Cela éclaire cependant le processus créatif à l’œuvre : le (ou les) ninja a été pensé comme le plus basique possible, avec des noms sans la moindre originalité, puisés dans le manga (le Kagemaru de Sanpei Shirato et celui de Mitsuteru Yokoyama notamment) ou le récit national (Yagyu*** et Hattori, évocations historiques intensément modelées par la fiction). Il n’est pas inintéressant non plus de voir que le ninja est graphiquement passé de l’archétype du ninja d’anime, incarnation de l’« esprit japonais » (日本のこころ, dans le document préparatoire ci-dessous) au stéréotype du ninja que s’en font les occidentaux, celui du combattant de l’ombre (kage) en pyjama intégral.

Que « GI », le military fighter pourtant prévu dès les premiers mois de production du jeu, n’ait longtemps pas eu de nom montre que le ninja n’est pas le seul à n’avoir pas beaucoup inspiré les développeurs. Concernant le nom de Jeffery (puis Jeffry), il était déjà connu que c’était une référence au designer d’AM2 Jeffery Buchanan, qui, l’année avant son embauche chez Sega, avait bouclé un engagement de 6 ans chez les Marines américains (1986 - juin 1992, les dates proviennent de sa page linkedin). La part d’hommage ou d’opportunisme est par contre à réévaluer dans le contexte.
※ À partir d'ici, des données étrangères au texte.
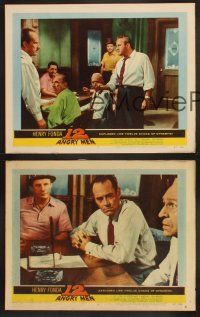 3p306 12 ANGRY MEN 3 LCs '57 Henry Fonda in Sidney Lumet's courtroom classic, great scenes!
Buchanan a travaillé chez Sega Japon à Tokyo de septembre 1993 à février 1996, où il était

« Artist & Designer for: 3D Characters, 3D Animations, & Game Play. Created storyboards, and provided insights to various martial arts & techniques. Also: Motion Capture Operator / Stunt Man, & Voice Actor. All on numerous games including “Virtua Fighter” & “Virtua Cop” Series, “Fighting Vipers”, “Daytona 500”, “Shenmue 1 & 2”, and others. »

Ces dates ont leur importance, puisqu’elles permettent de situer les documents où ce Jeffery / Jeff / Jeffret (sic) apparaît : au plus tard après septembre, du moins autour de l’été, lors de son processus de recrutement (son CV a forcément percolé avant même le début de son contrat). 

Cela pose d’autres problèmes**** mais montre en tout cas à quel point le développement était radical et hyper rapide, les lignes bougeant énormément jusqu’aux derniers mois de développement du jeu en décembre 93, des pans entiers du jeu et des personnages pouvant disparaître au dernier moment (dans une interview réalisée début novembre 1993 à Beep Megadrive, Yu Suzuki disait que le jeu changeait encore « chaque jour toutes les quelques heures »).

 

À suivre, encore.

 

* Le gogo no kocha, le « thé de l’après-midi », est une marque de Kirin.

** « Le barcode battler est un système dans lequel les codes-barres des objets du quotidien sont lus par une machine, et la valeur numérique est convertie en actions, coups de poing ou coups de pied par exemple, selon un algorithme défini pour déterminer le gagnant. Si cela avait été exploré, les joueurs auraient peut-être préféré se promener dans les supérettes à la recherche de codes-barres puissants, plutôt que de maîtriser les commandes… » (« Nakajima d’AM2 Research » dans Virtua Fighter the Beginning).

*** Yagyu était encore le nom de Kage dans la version présentée à l’AM Show 93 (source).

 
****  Le schéma de l’histoire mentionne à la fois Jeffery et Dural sous le nom de « Silver Armure », alors même que le nom « Dural » était déjà usité avant fin-août et l’AM Show, comme le révèle un reportage de Gamest réalisé entre juillet-août (soit Dural était le premier nom de Willy/Jeffry, soit il s’agissait simplement d’une erreur de build).